Material for this exercise:
━━━

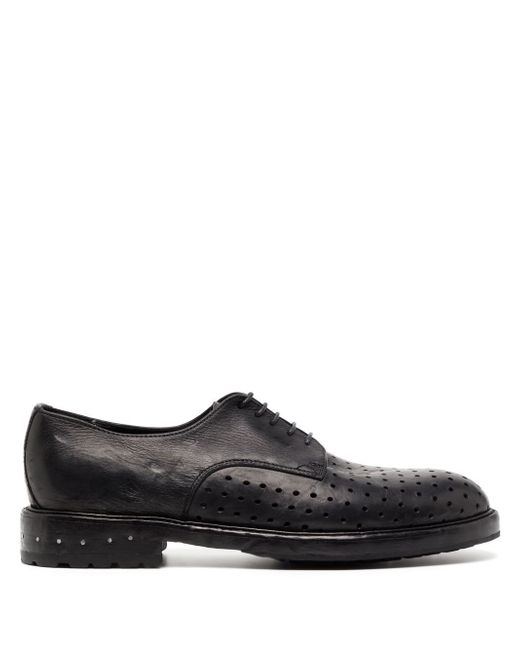 Nicolas Andreas Taralis 30mm perforated leather derby shoes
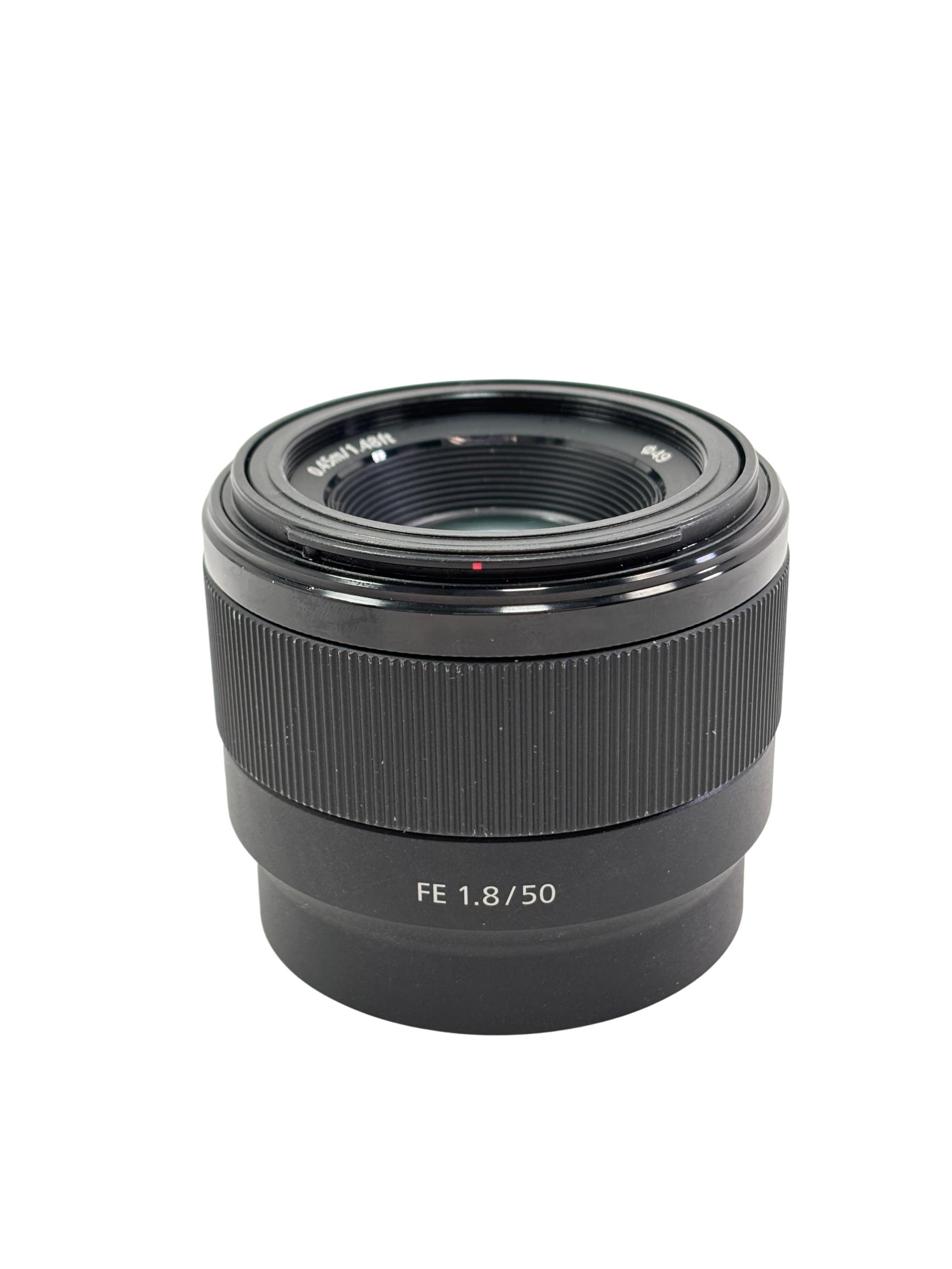 Sony SEL50F18F FE 50mm f/1.8 E-mount Standard Prime Camera Lens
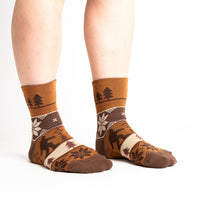 Sock it to Me "The Big-foot Lebowski" Turn Cuff Crew Socks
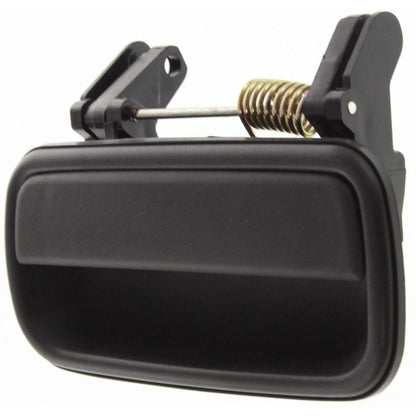 Door Handle for Toyota Tacoma (2001–2004) Rear Right Smooth Black Plastic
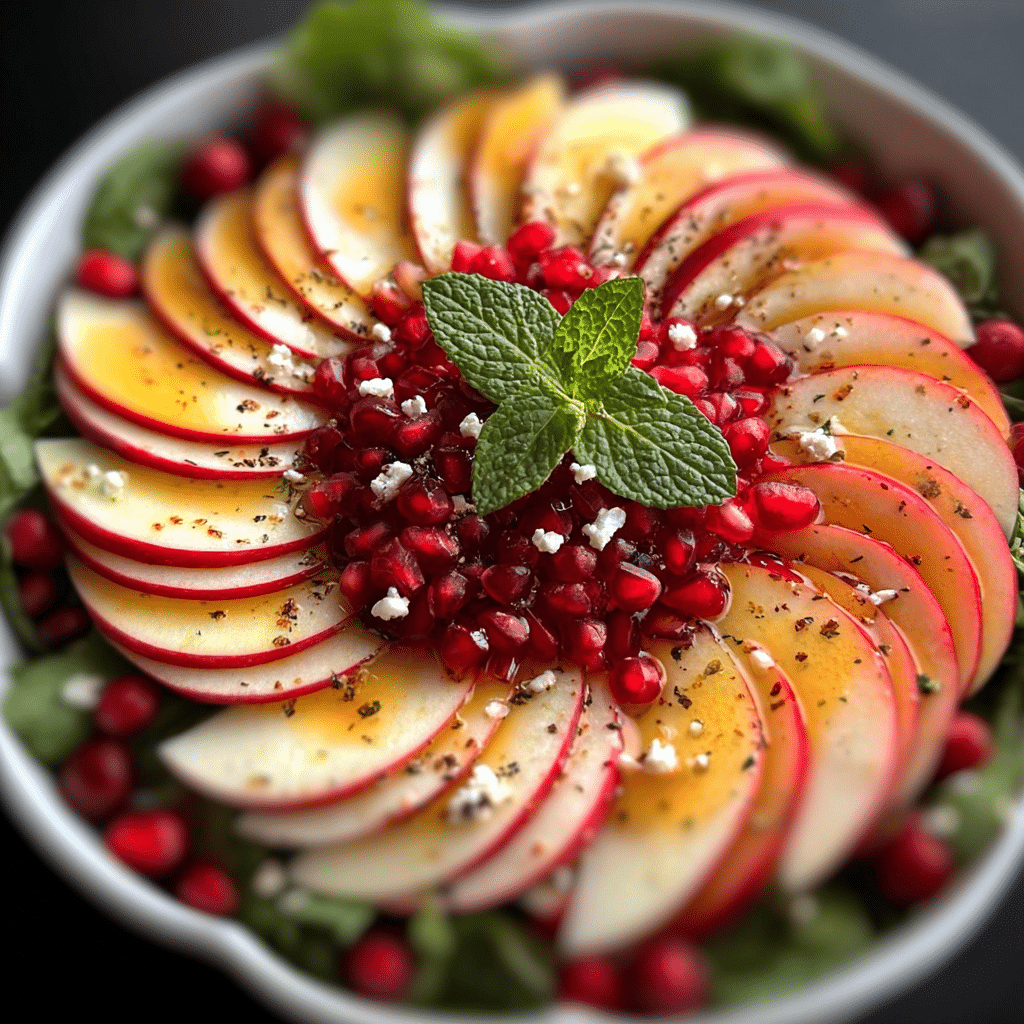 Irresistible Christmas Apple Salad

━━━

Problem description: Restate word for word the lines from the line with "Sony SEL50F18F FE" to the last line of the records above, inclusive, and omit every picture.

Written answer:
 Sony SEL50F18F FE 50mm f/1.8 E-mount Standard Prime Camera Lens
 Sock it to Me "The Big-foot Lebowski" Turn Cuff Crew Socks
 Door Handle for Toyota Tacoma (2001–2004) Rear Right Smooth Black Plastic
 Irresistible Christmas Apple Salad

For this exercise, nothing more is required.